Visibility: At 8:00 p.m. Standard Time (9:00 p.m. Daylight Saving) the constellation Lyra can be seen low in the east in May. In the summer months it progressively rises, passing through the zenith in early September. It lies low in the northwest in October before setting in November.

What to look for: Lyra, the Lyre or Harp of Orpheus, is a small constellation with only one very bright star, Vega (Alpha Lyrae). The remaining stars are visible but somewhat faint. Vega is the bright corner of a triangle joined at the star Zeta Lyrae to a parallelogram representing the strings of the harp.
Epsilon Lyrae, the third corner of the triangle, is a close double star when seen through binoculars; each of the pair is itself a very close double star which can be separated at high power in a moderate-sized telescope. Amateur astronomers call it the Double-Double. Between Beta and Gamma Lyrae at the south end of the parallelogram is M57, the famous Ring Nebula,
which is visible in an 8" telescope, appearing as a tiny smoke ring. Called a planetary nebula, this nebula is a shell of gas puffed off by a dying star, once much like our Sun before it exhausted the hydrogen that fueled its nuclear furnace. Midway between Gamma Lyrae and the moderately bright star Albireo (Beta Cygni) is M56, an often-overlooked globular cluster of stars.
Mythology: Lyra was the Lyre or Harp of Orpheus, the son of Apollo, Olympian God of Music and Light. Hermes (Mercury), the Messenger of the Gods, fashioned it from a tortoise shell and gave his invention to Apollo, who, in turn, gave the lyre to his gifted son. So beautiful was Orpheus' music he could charm both creatures and inanimate objects.
When Orpheus' wife, Eurydice, died from the bite of a snake, he sought her in the Underworld, and charmed Hades (Pluto), ruler of that realm, into letting her return with him. The only condition was that he not look back before reaching the world of the living. As they hurried upward, Eurydice could not keep up with Orpheus. Panicking, he glanced back, only to see Eurydice slip back into the Underworld. Even Orpheus and his divine music could not win her back a second time.
Orpheus wandered the hills for years, playing sadly haunting music, pursued by women who desperately desired to fill the empty place in his life. Driven mad by his rejection, a mob of these women attempted to kill him.
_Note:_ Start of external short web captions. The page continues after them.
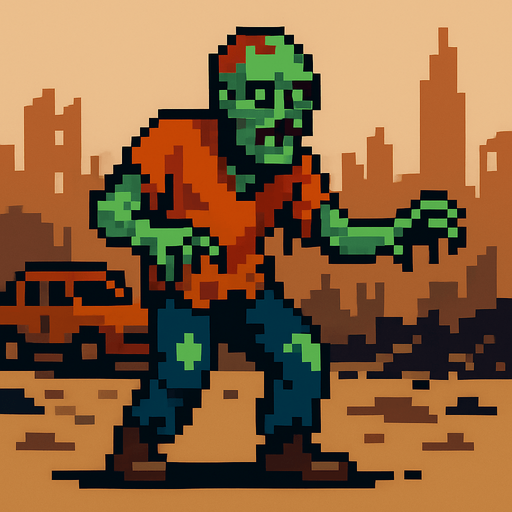 Post apocalyptic zombie pixel art less pixel.
In-Game asset.  2d.  High contrast.  No shadows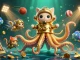 Betting with f168, the kraken emerges with golden tentacles, amidst dynamic sports-themed elements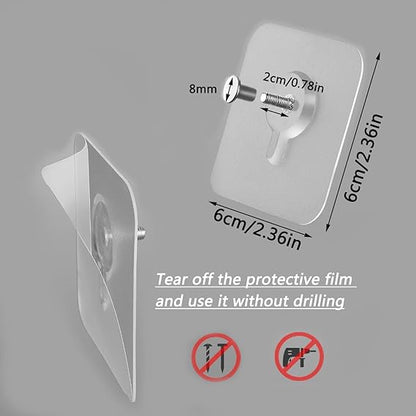JIALTO Plastic 10 Pcs Self Adhesive Wall Hooks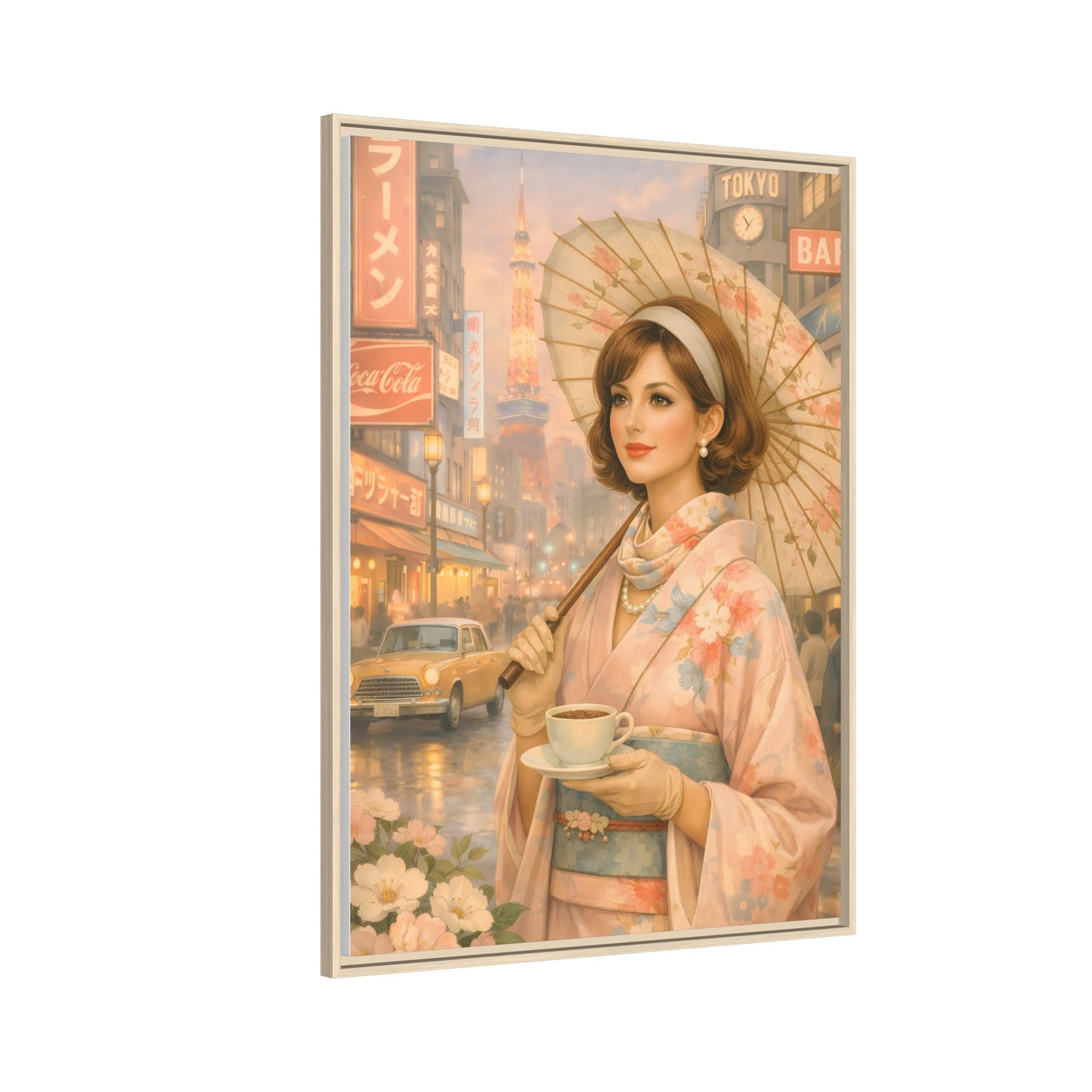 Elegant vintage woman in kimono holding parasol in Tokyo — Framed Matte Canvas Wall Art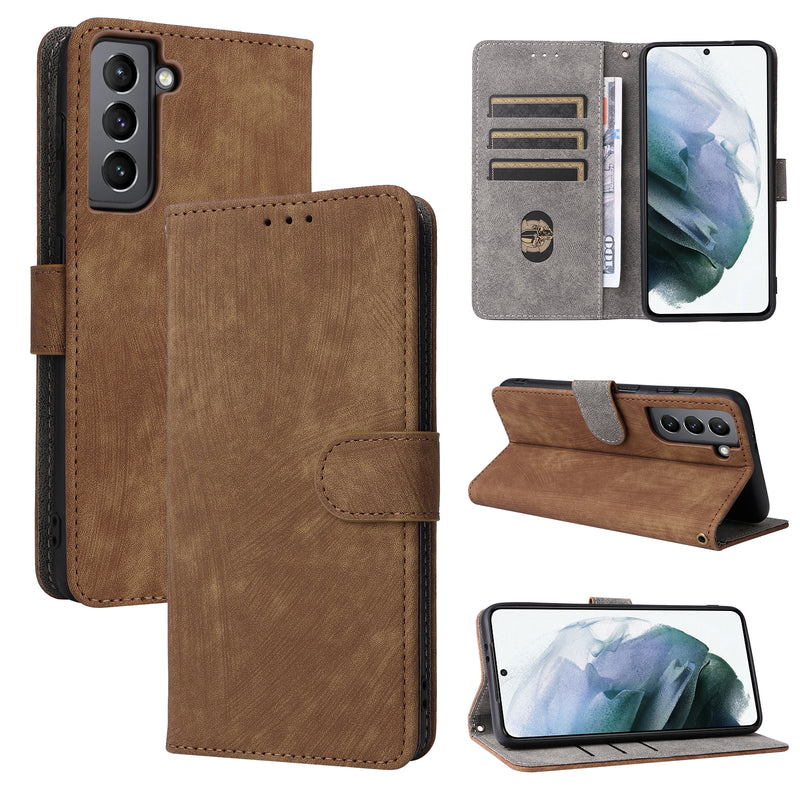 Flip Cover for Samsung Galaxy S21 PU Leather Phone Case [RFID Blocking] With Hand Strap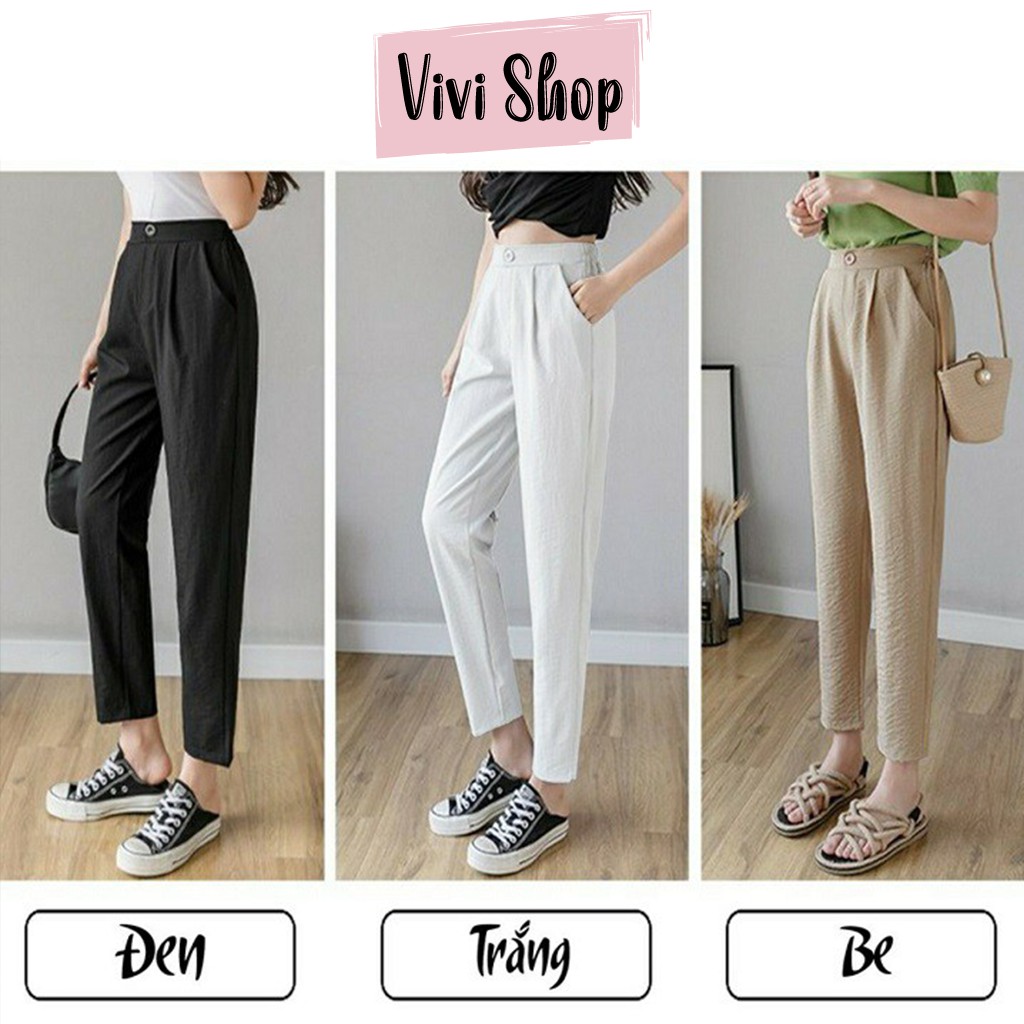 Quần Baggy Nữ Chun Sau Chất Vải Đũi Xước Mềm Mịn Thoáng Mát (CÓ ẢNH THẬT)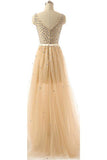 V-neck Beaded Modest Long Prom Evening Dresses HZ0509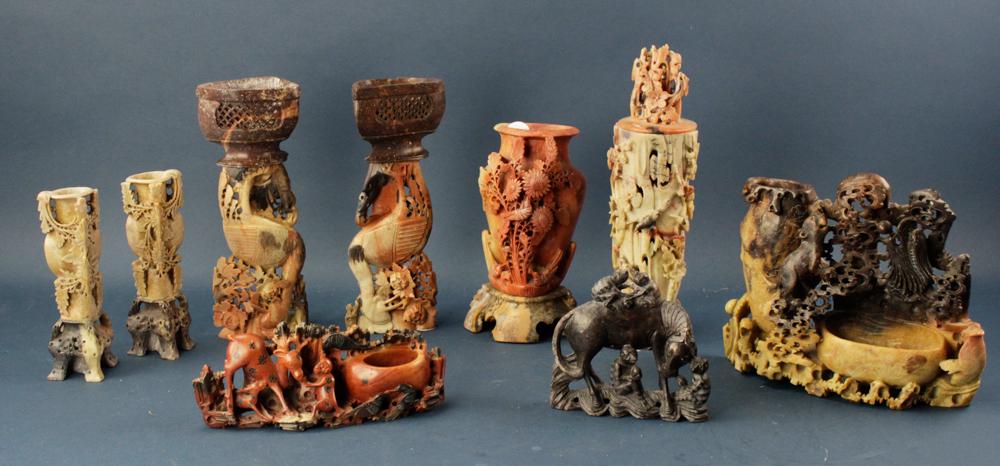 Nine 19thC Chinese Soap Stone Carvings (1 of 13)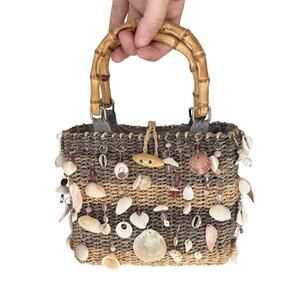 Seashell Charm Straw Handbag | Upcycled Handmade Vintage Faded Glory Purse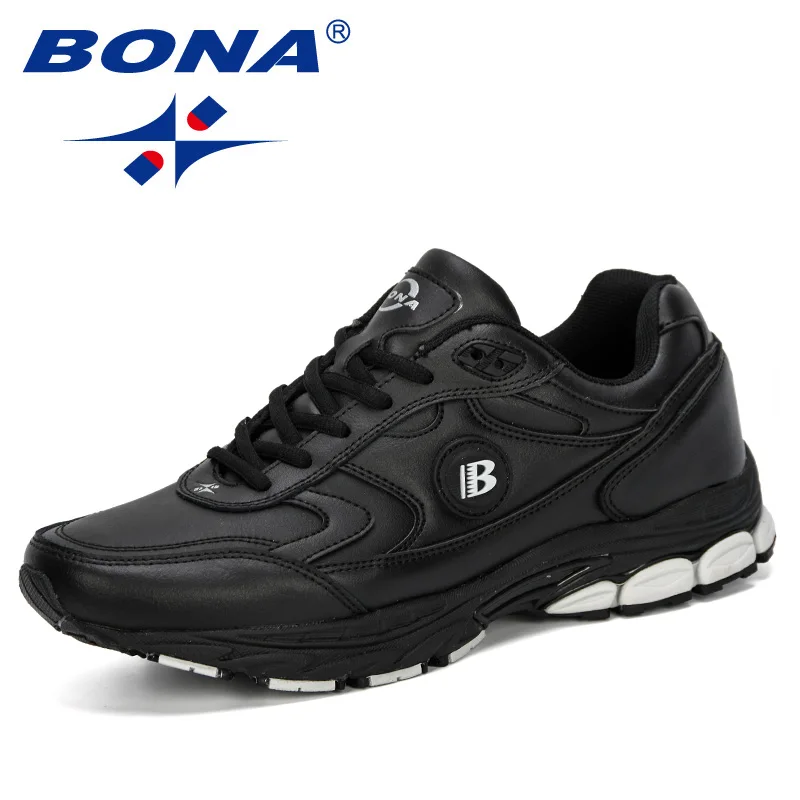Black silver gray BONA, стиль, мужские кроссовки, дышащие, zapatillas hombre Deportiva, высокое качество, мужская обувь, трендовые кроссовки - Цвет: Black silver gray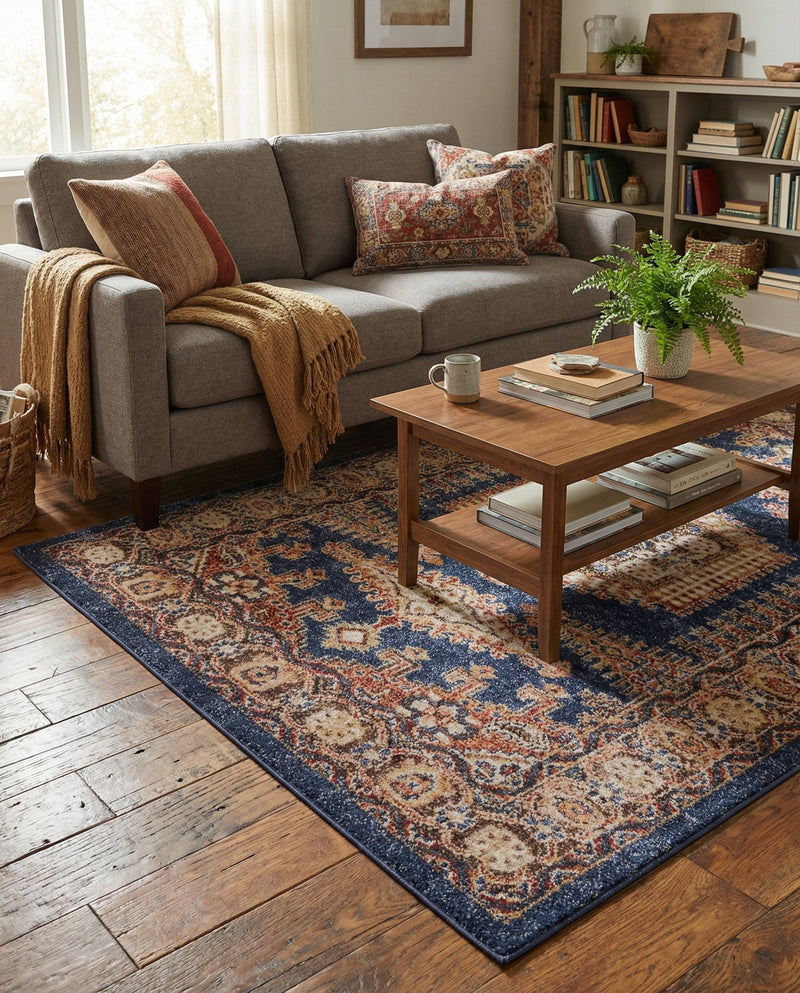Eden Oasis Collection Area Rug -  Refuge (Blue) Rectangle Blue  lifestyle 20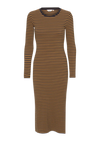 Ludmilla Long Dress - Bronze Brown/Black Stripe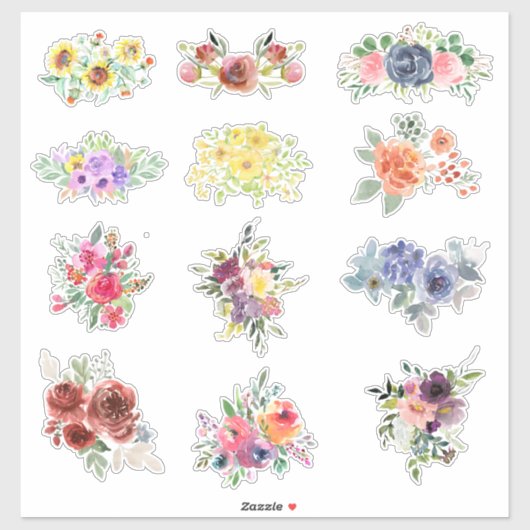 12 Waterverf bloemen Sticker (Vel)
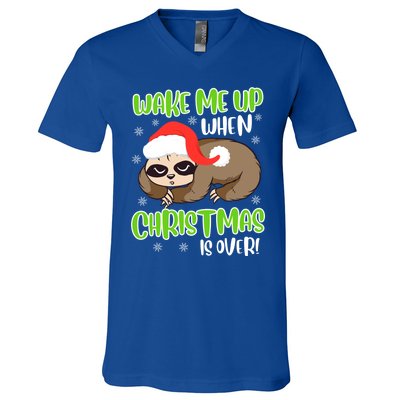 Antichristmas Sloth Wake Me Up Ugly Christmas Meaningful Gift V-Neck T-Shirt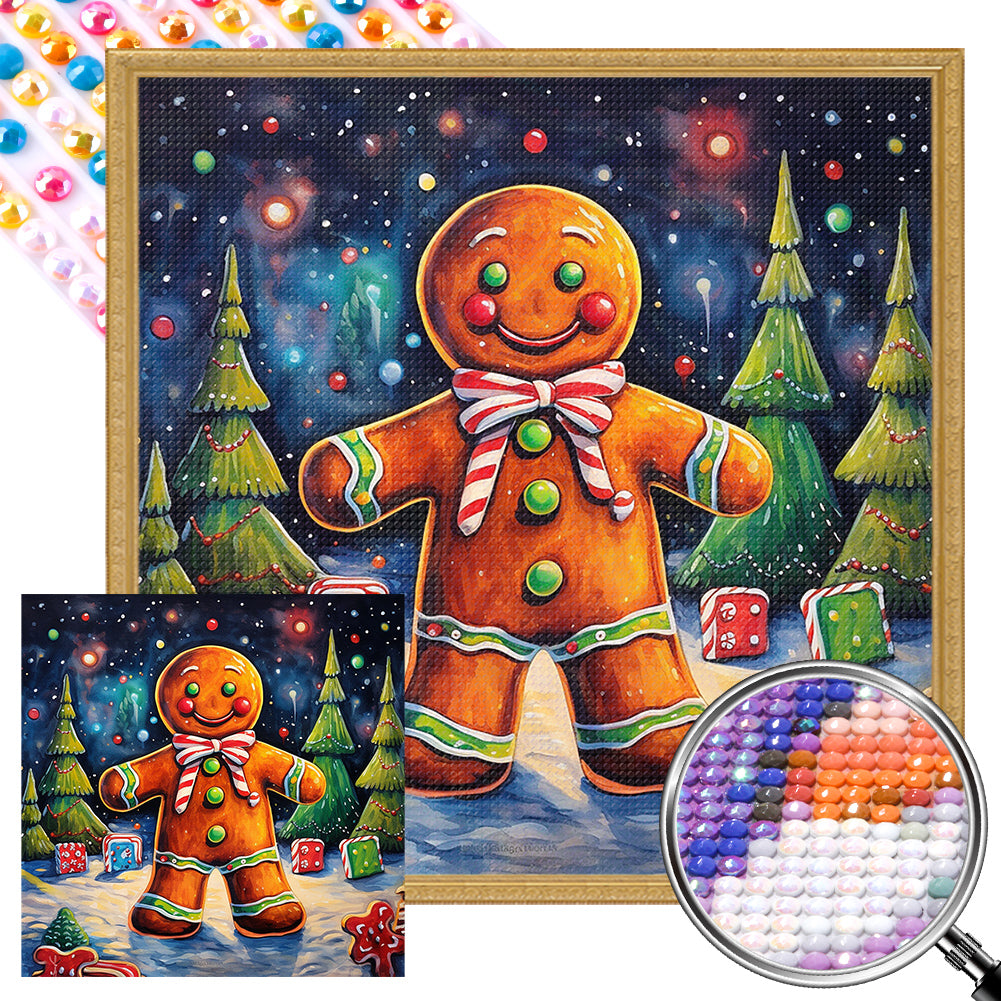 Gingerbread Man 40*40CM(Picture) Full Round Drill Diamond Painting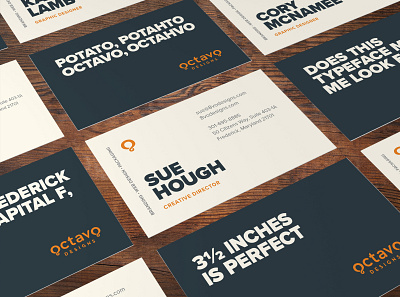 Octavo Designs Business Cards blue business card funny funny phrases orange sans serif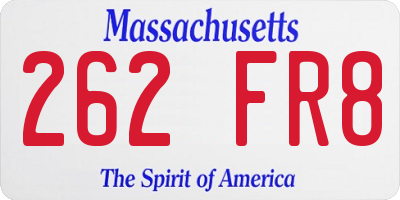 MA license plate 262FR8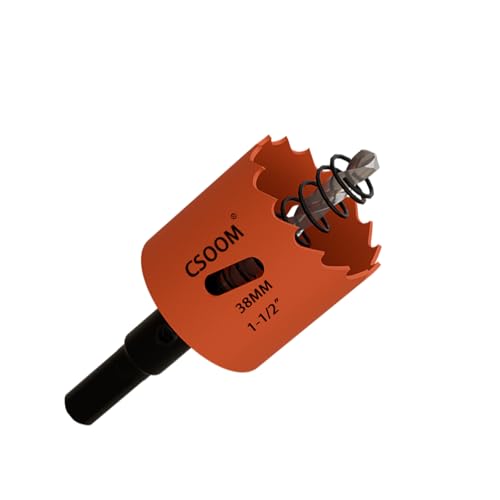 CSOOM 1-1/2 (38mm) Bi-Metal Hole Saw for Plastic Wood Plywood Thin Steel and Thin Aluminum Sheets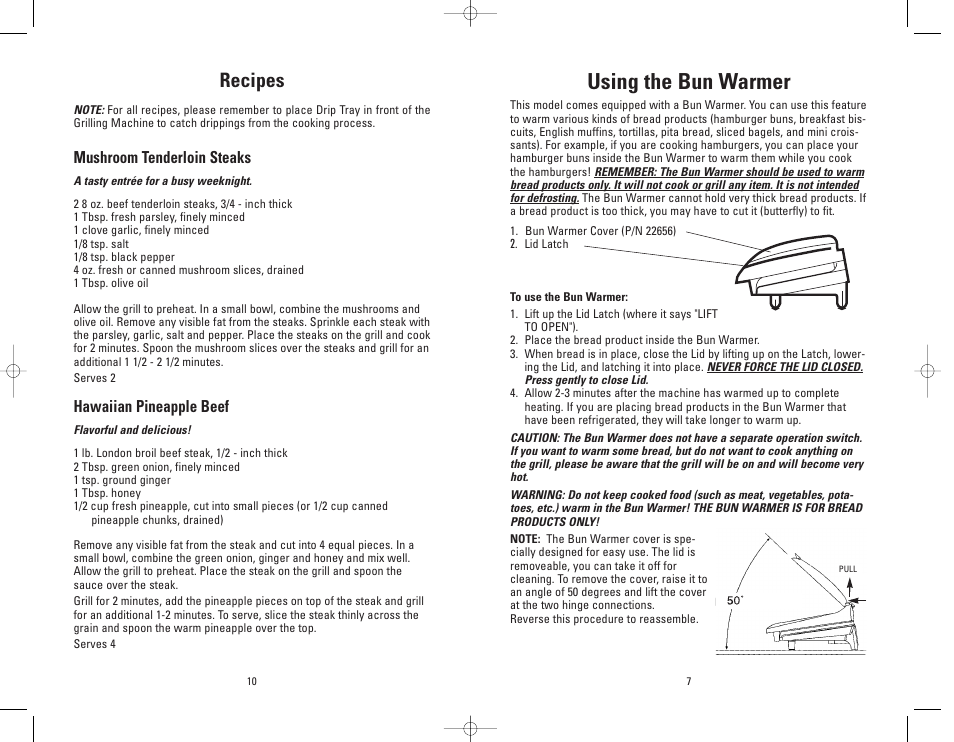 Using the bun warmer, Recipes | George Foreman GRP4PBWTMR User Manual | Page 10 / 16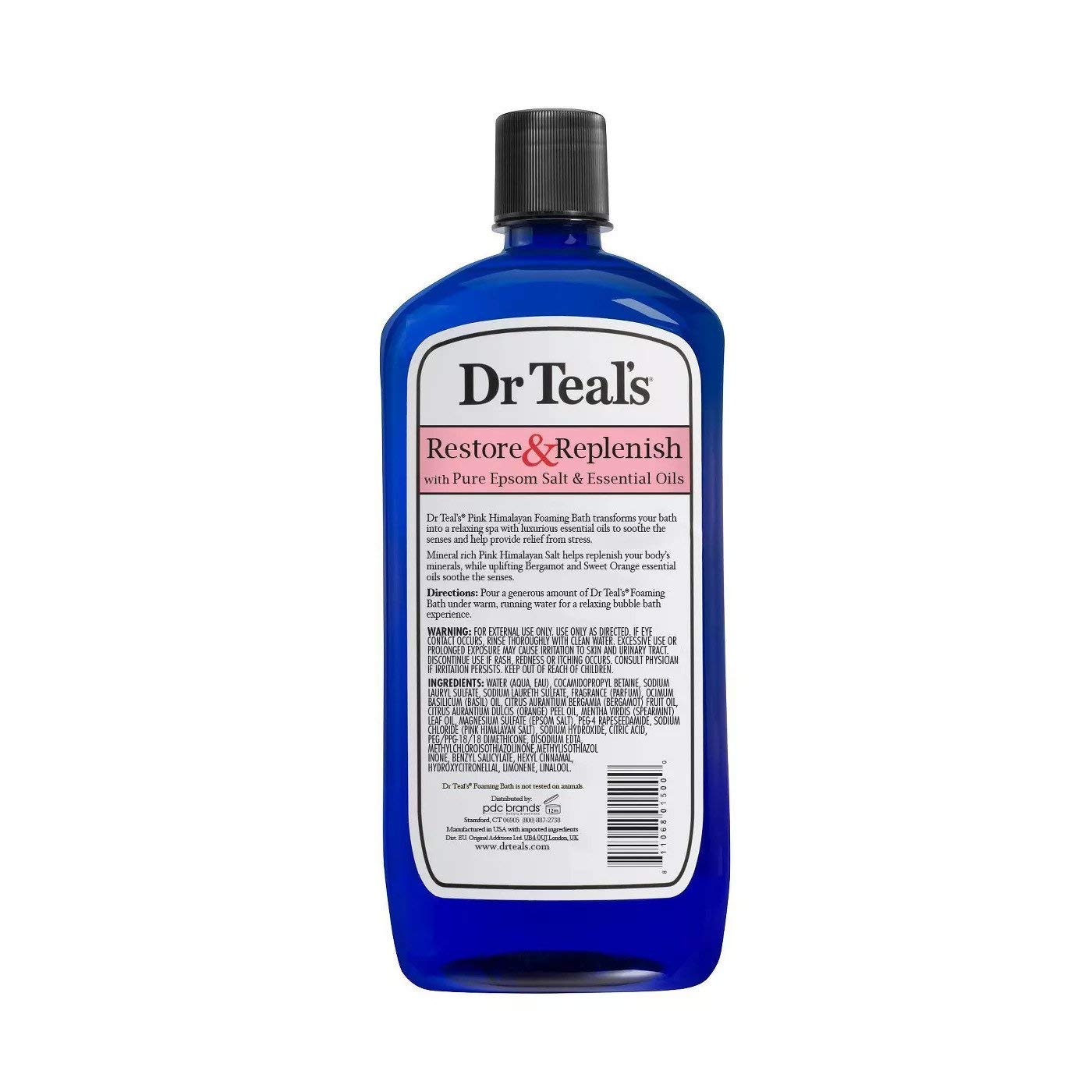 Dr Teal's Pink Himalayan foam bath with bubbles in tub for stress relief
But their weapons refused to harm him as he played, until, screaming so loudly they drowned out his music, they were able to stab him to death. The lyre was then tossed into a river.
Zeus (Jupiter) saw the dreadful deed and sent a vulture to retrieve the lyre so it could be placed in the heavens as a memorial to Apollo's son.
A Deeper Look: Vega in Arabic means "the Plunging Vulture," the bird Zeus (the Romans' Jupiter) sent to retrieve Orpheus' Lyre after his death. It is one of three very bright stars, the others being Deneb in Cygnus the Swan and Altair in Aquila the Eagle, that make up the Summer Triangle, an asterism
(a commonly known grouping of stars that is not an official constellation) that straddles the summer Milky Way.
In China, Vega is Tchi-niu, the Weaving Princess, daughter of the King of Heaven, and Altair is Kien-niou, the
King's Cowherd. They fell in love, married, and neglected their jobs. The king banished them to opposite sides of the Celestial River, the Milky Way, to restore order. On the seventh night of the seventh month of each year, all the magpies in China gather to form a magical bridge with their wings across the river, allowing the lovers to unite for that one night.
The seventh day of the seventh month of the Chinese lunar year is the night when the First Quarter Moon is approaching the Milky Way, hiding the latter in its glare, permitting the lovers to meet secretly under cover of moonlight.